Those who can afford it, can make golden image of Shitaladevi and together with the image of the vehicle (donkey) place the devi's image on eight petalled lotus flower. Offer obeisance with joined palms saying ‘My pranam to Shitaladevi’ and make puja. In some places people offer raw flour and gor (molasses) as naivedya to the devi. It is customary to eat only one meal on Shitala Saptami day.
Katha(from Bhavishyottar Purana)
In the olden days, Hastinapur was ruled by king Indralumna. His wife’s name was Pramila who was full of faith and devotion and was keen on performing religious ceremonies and rituals. They had a son, Mahadharma by name and their daughter’s name was Shubhakaari. She was given in marriage to prince Gunvaan, son of king Sumati who ruled Kaundinyanagar.
Prince Gunvaan lived up to his name. He was a virtuous prince. A year after the wedding, Gunvaan went to his in-laws to fetch his wife. The king (his wife’s father) asked his son-in-law to stay over because the next day was the day of Shitala Saptami vrat. The king invited a Brahmin and his wife for the ceremony of Shitala Saptami vrat. The king’s daughter Shubhakari mounted a chariot and with her female friends set out for the puja ceremony of Shitaladevi. The puja was to take place by some lake.

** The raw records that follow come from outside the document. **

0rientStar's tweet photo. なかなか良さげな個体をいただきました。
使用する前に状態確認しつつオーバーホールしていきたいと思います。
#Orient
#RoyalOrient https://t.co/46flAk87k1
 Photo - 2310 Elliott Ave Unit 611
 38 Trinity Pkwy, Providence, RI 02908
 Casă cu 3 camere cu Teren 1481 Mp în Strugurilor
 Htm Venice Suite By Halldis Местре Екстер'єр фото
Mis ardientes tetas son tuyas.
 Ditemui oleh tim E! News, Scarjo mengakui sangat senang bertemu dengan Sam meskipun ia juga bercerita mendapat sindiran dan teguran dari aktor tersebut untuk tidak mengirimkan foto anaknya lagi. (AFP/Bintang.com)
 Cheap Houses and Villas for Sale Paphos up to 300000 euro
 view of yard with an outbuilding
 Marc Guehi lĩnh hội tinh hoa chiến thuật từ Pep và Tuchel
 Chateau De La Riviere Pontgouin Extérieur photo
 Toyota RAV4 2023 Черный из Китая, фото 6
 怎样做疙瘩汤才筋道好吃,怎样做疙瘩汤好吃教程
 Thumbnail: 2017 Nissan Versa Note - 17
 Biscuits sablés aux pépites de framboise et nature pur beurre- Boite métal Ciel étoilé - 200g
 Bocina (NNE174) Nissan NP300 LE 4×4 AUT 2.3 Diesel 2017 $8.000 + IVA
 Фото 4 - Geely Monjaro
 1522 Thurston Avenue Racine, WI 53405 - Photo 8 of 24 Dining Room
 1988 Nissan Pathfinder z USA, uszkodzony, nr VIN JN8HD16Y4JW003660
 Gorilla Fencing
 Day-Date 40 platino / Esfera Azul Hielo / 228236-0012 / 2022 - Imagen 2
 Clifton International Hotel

Unfortunately, they took a wrong turn and got lost. Leaving the chariot, they started walking on foot, and dispersed in different directions. Princess Shubhakari was overcome by fatigue and sat under a tree. She saw an elderly woman approaching her and asked her for directions.
“O girl, follow me and I will lead you to a lake” said the old woman and took them to a lake. The princess bathed in the lake and with devotion and faith, placed the image of Shitaladevi on a makeshift platform of stone. The old lady was herself Shitaladevi. She was well pleased. Placing her hand on the head of Princess Shubhakari she asked her to state her wish.
The princess said: “Mother, I shall surely ask when the need arises”.
Then the old lady (Shitaladevi) escorted the princess and her female friends to the lake where they were to meet the Brahmin and his wife. The Brahmin’s wife was heard crying aloud. Princess Subhakari went to her and saw that her husband was lying dead, apparently bitten by a snake.
Princess Shubhakari again bathed in the lake and concentrated her mind upon Shitaladevi and stated her wish: “Mother, please bring back to life this Brahmin”.
Bhagavati Shitaladevi was pleased and restored life to the Brahmin. Everybody was full of joy. They all performed Shitaladevi’s puja and returned home
People of Hastinapur were filled with awe on hearing that the dead Brahmin was brought back to life. The citizens together with the parents of the princess made a murti of Shitaladevi and celebrated this day in the manner of a festival. After staying for a few more days, Princess Shubhakari went with Prince Gunvaan to her in-laws. There also, being impressed by Shitalamata, they developed faith and devotion. It is said that the children of those who are Shitala vratdhai (who observe this vrat) do not suffer from smallpox and that their wishes get fulfilled.